══ Records for processing

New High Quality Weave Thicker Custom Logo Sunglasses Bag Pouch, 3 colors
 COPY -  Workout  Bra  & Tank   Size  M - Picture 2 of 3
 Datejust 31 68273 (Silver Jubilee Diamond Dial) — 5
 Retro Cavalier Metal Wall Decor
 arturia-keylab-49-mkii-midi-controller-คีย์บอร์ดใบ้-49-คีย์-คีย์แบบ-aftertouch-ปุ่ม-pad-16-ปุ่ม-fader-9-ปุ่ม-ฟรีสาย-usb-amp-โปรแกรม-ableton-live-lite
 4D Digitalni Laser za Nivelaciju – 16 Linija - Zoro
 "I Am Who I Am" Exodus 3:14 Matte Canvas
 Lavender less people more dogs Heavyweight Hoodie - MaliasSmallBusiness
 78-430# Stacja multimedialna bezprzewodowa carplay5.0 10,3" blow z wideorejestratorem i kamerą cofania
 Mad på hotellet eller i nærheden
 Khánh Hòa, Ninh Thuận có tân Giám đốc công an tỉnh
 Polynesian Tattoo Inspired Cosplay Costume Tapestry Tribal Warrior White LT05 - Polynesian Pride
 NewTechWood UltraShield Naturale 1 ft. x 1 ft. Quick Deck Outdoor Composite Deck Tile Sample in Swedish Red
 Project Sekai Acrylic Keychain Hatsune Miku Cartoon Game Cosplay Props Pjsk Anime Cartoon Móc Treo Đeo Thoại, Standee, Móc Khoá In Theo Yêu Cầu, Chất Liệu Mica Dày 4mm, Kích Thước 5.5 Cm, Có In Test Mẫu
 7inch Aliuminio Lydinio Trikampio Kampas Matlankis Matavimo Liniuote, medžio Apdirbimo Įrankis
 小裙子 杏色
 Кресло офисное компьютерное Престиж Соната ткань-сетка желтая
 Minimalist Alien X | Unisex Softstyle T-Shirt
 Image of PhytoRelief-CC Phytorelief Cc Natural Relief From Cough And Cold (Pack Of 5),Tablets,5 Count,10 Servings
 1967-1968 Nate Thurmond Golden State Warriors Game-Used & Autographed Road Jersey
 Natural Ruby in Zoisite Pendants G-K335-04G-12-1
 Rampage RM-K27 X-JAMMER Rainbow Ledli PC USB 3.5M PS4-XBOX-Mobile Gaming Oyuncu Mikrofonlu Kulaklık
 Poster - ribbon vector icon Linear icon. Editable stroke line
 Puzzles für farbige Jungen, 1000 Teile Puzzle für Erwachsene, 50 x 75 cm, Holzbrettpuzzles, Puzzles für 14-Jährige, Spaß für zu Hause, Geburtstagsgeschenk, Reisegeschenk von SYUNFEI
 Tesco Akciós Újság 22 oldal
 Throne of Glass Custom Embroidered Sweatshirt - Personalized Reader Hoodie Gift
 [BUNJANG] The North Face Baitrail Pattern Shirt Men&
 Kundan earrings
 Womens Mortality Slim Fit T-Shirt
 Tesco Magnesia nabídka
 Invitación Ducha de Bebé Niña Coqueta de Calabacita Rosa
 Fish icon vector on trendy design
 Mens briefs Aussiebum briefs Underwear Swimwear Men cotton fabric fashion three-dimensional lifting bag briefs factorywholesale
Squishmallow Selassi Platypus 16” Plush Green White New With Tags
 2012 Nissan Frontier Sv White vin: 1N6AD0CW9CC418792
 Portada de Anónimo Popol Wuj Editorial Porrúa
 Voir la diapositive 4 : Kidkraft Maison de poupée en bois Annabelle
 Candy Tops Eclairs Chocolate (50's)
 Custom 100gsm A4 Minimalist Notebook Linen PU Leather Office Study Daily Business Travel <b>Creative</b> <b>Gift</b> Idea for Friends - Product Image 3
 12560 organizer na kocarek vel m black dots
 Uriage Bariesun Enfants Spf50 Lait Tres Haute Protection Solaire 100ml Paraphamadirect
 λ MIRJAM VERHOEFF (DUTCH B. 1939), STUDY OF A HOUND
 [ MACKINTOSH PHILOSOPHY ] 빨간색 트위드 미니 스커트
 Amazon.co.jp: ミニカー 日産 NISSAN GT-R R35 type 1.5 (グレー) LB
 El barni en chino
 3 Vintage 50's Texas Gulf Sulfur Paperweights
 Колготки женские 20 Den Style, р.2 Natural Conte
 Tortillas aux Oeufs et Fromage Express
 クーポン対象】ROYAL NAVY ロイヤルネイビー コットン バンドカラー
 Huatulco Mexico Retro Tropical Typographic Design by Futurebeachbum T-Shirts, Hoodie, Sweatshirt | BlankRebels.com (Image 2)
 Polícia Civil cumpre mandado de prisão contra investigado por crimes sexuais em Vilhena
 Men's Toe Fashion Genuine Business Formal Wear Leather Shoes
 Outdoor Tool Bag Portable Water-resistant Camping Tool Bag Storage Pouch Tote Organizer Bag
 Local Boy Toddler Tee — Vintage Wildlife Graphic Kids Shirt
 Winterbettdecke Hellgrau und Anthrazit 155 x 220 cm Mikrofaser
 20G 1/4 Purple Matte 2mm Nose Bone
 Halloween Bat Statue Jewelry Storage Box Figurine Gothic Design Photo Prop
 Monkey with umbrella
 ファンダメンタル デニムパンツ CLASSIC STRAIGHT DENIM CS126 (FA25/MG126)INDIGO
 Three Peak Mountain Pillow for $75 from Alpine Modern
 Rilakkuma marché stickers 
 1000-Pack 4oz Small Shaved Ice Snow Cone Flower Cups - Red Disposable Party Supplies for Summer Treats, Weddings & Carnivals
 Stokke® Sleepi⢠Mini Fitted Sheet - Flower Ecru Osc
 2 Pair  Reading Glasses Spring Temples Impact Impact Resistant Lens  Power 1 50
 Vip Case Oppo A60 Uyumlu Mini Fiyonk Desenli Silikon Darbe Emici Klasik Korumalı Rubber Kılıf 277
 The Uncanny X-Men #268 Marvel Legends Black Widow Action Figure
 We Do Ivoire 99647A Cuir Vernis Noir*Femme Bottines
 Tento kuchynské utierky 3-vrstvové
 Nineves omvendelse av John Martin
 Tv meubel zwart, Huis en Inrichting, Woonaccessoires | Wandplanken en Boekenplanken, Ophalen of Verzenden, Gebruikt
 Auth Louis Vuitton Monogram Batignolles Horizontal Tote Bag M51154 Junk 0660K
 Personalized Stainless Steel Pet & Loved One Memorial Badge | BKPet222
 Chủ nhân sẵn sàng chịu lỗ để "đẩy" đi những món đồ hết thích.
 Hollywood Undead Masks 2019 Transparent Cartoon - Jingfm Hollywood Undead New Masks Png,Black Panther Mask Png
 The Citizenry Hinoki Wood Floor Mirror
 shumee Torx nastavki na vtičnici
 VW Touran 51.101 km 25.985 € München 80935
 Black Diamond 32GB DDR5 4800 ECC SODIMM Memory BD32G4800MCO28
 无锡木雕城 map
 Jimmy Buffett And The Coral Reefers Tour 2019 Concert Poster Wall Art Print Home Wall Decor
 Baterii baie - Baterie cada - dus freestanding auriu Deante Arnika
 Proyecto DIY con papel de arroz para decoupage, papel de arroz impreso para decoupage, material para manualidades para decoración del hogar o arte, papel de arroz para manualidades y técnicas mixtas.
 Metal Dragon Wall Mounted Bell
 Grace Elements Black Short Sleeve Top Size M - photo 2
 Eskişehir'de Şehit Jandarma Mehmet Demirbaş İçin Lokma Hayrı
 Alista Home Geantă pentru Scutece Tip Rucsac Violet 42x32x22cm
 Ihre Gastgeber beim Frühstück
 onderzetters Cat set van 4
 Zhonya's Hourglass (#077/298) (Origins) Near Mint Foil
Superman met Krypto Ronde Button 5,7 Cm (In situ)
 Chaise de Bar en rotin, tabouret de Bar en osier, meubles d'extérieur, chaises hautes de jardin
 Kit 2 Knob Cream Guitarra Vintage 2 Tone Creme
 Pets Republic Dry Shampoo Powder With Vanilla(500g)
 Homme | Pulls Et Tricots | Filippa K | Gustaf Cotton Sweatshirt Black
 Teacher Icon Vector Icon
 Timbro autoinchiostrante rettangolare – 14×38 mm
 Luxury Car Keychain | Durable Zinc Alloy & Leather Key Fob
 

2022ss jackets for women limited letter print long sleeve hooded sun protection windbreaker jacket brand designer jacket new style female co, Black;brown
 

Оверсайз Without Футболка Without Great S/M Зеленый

════

Lines wanted from the listing above: the line with "Eskişehir'de Şehit Jandarma" up to and including the line with "Superman met Krypto". Please write them out exactly, adding nothing else.

 Eskişehir'de Şehit Jandarma Mehmet Demirbaş İçin Lokma Hayrı
 Alista Home Geantă pentru Scutece Tip Rucsac Violet 42x32x22cm
 Ihre Gastgeber beim Frühstück
 onderzetters Cat set van 4
 Zhonya's Hourglass (#077/298) (Origins) Near Mint Foil
Superman met Krypto Ronde Button 5,7 Cm (In situ)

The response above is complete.